## Input material
****

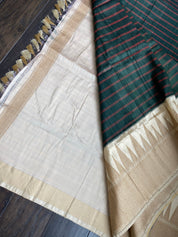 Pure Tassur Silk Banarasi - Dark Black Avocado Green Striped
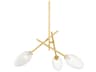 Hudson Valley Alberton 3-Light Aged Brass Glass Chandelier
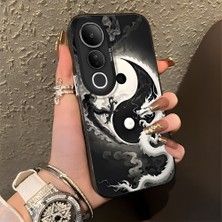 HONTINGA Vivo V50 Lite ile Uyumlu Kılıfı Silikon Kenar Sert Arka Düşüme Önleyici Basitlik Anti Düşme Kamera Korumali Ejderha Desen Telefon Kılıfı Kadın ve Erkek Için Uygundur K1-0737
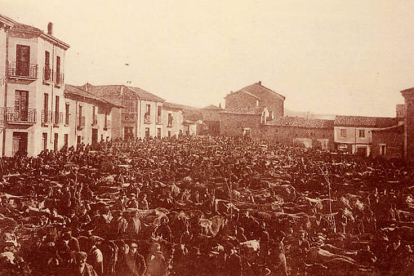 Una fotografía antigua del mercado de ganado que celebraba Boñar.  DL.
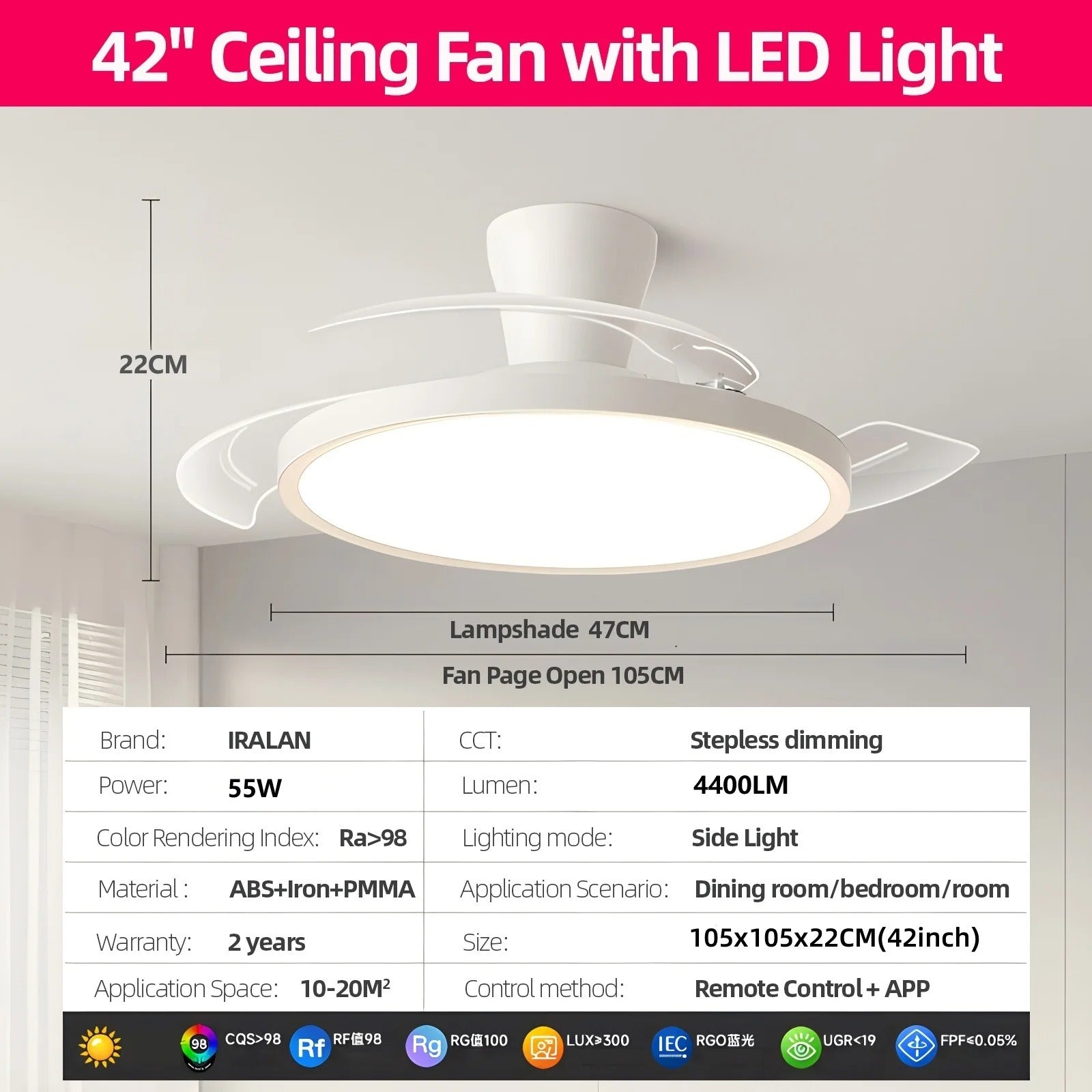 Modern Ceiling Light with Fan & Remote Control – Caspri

****

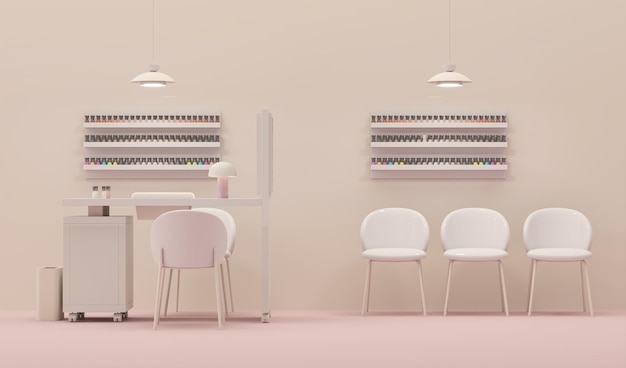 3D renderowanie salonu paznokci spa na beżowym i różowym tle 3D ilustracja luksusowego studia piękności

****

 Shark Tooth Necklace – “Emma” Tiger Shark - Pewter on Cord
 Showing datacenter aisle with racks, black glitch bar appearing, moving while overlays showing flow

****

## What needs to be done
Pictures in the entries do not go into the copy. Print only the lines starting at the one containing "Pure Tassur Silk" and ending at the one containing "Hudson Valley Alberton", exactly as they appear.

## Response to this task
 Pure Tassur Silk Banarasi - Dark Black Avocado Green Striped
 Hudson Valley Alberton 3-Light Aged Brass Glass Chandelier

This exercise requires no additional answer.